I was also thinking that you could insert by sliding a sheet of glass between the side rails and the bulbs to protect them and your reflector from moisture and corrosion. However that would be something else that requires maintenance and adds to the cost..


----------



## Hoppy (Dec 24, 2005)

That is a nice simple design that can be fit to almost any tank. I made my hood so the front part of the top folds back on top of the back part, too, and I really like that feature. My suggestions are: (not criticisms, just suggestions)
Use thinner boards - my Home Depot has 1/4" thick pine boards which would work well, but they are harder to glue and screw into, due to the thinness.
Add a little 40mm diameter fan in the end of the hood, and holes in the back for the air to escape. My hood started to warp if I left my fan off for any period of time. You can wire the little fan on the inside of the hood, running the wires out the back, so it doesn't look bad at all.
A different look is to make the hood fit inside the top of the tank, resting on the lips provided for the glass top. The best look, and hardest to do, is to make the hood exactly the size of the top of the tank, with extensions that fit down into the tank a bit to keep it from sliding around on the top.

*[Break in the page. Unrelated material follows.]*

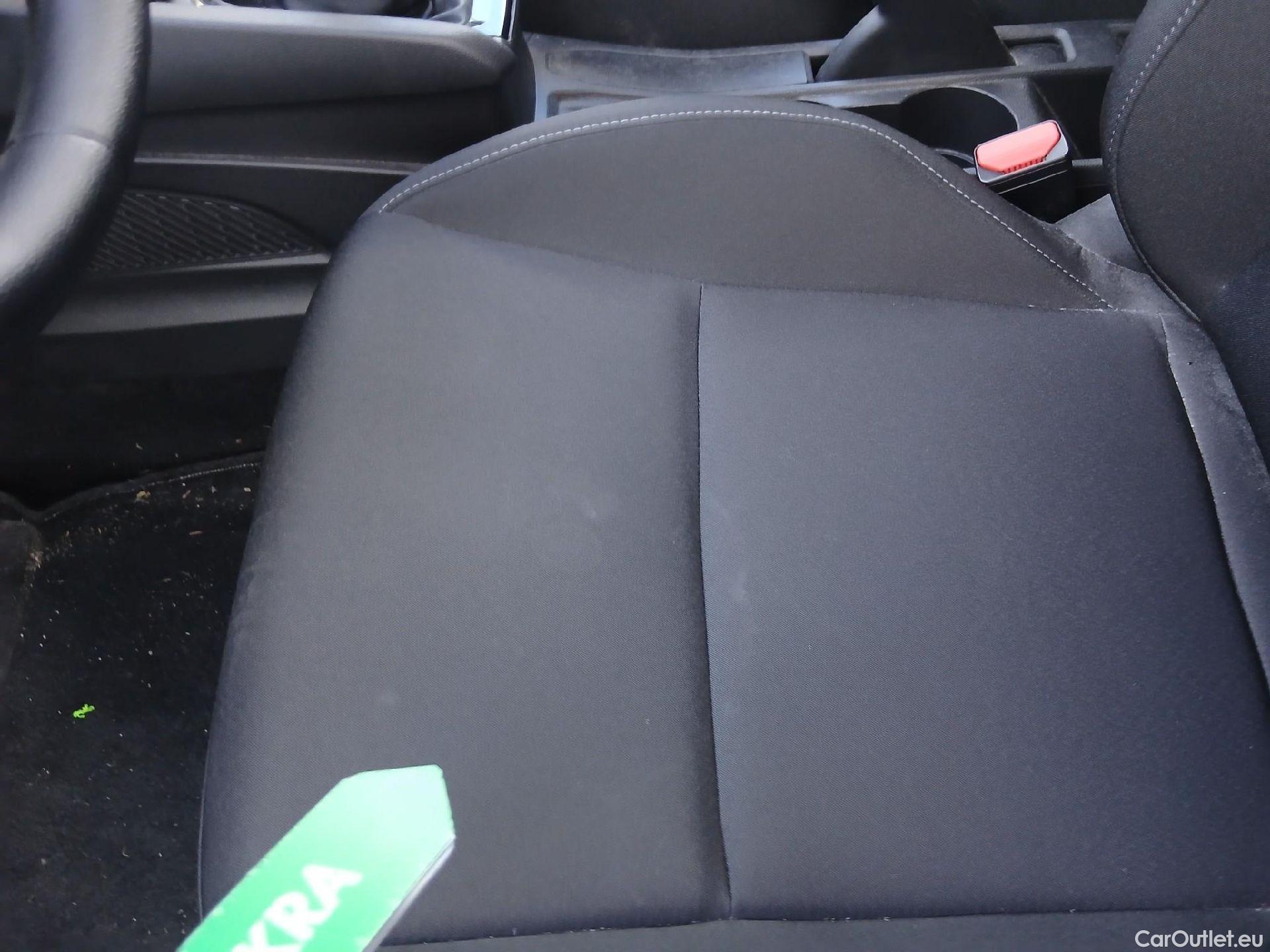  Renault  Clio RENAULT  / 2019 / 5P / berlina con portón Business Blue dCi (100CV) #24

When we DIY, we have almost unlimited options - one of the best parts about DIY.


----------



## dahcmed (Nov 2, 2006)

Thanks for posting. I always pictured those wood canopies in the way that the whole front part lifts up. It's a good idea that only the top and front lip lifts up.


----------



## dahcmed (Nov 2, 2006)

by the way, no filter/pump? I'm planning to revise my plan


----------



## Kaylee Skylyn (Oct 17, 2005)

I have a hole driled for airline tubing but thats it. If I have a filter it will be a sponge.


----------